Earlier this fall, Dr. Piscitelli-Shaffer received the “Dinner with the Doc” award, after being nominated by Emily Chau, MD, hospitalist site director at UH Geauga Medical Center.
“Dr. Piscitelli has gone above and beyond to advocate for patients and ensure things are done the right way,” says Dr. Chau.
One recent example shows that commitment. A patient arrived in the ED with an active GI bleed at a time when UH Geauga had no GI service coverage. Dr. Piscitelli-Shaffer initially sought to transfer the patient to another site, but a GI specialist at UH Cleveland Medical Center advised that the patient could remain at Geauga.
“Dr. Piscitelli and I had an in-depth conversation, and she reached out to a GI physician who wasn’t on service that day. She persuaded him to come in, scope, and stabilize the patient,” recalls Dr. Chau.

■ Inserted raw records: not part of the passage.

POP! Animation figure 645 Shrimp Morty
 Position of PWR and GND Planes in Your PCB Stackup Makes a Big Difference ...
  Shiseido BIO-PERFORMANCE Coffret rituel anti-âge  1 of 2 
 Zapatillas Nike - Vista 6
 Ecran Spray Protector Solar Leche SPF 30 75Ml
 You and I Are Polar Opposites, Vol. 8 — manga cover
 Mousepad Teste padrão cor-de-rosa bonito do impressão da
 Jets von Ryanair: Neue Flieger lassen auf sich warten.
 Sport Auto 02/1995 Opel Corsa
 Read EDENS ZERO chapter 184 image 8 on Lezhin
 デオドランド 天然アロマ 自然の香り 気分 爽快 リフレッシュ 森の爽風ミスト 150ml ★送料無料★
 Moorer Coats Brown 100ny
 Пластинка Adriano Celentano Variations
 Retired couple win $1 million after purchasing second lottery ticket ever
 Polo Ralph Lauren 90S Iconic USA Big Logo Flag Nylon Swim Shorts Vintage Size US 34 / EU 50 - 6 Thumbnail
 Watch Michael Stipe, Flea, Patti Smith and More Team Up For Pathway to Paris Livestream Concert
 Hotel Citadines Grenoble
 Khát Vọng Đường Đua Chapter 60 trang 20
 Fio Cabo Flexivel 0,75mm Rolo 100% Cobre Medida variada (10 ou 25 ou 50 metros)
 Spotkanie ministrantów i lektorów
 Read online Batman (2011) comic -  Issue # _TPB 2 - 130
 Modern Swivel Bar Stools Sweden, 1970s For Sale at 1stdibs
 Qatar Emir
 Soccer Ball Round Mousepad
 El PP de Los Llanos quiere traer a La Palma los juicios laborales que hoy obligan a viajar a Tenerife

For Dr. Chau, this episode reflects a broader pattern. “She’s very compassionate and caring, and it shows in the way she takes extra steps to advocate for her patients. She works hard for the right reasons and isn’t afraid to do what’s necessary to make sure patients are treated fairly and appropriately.”
Congratulations to Dr. Piscitelli-Shaffer on her “Dinner with the Doc” honor.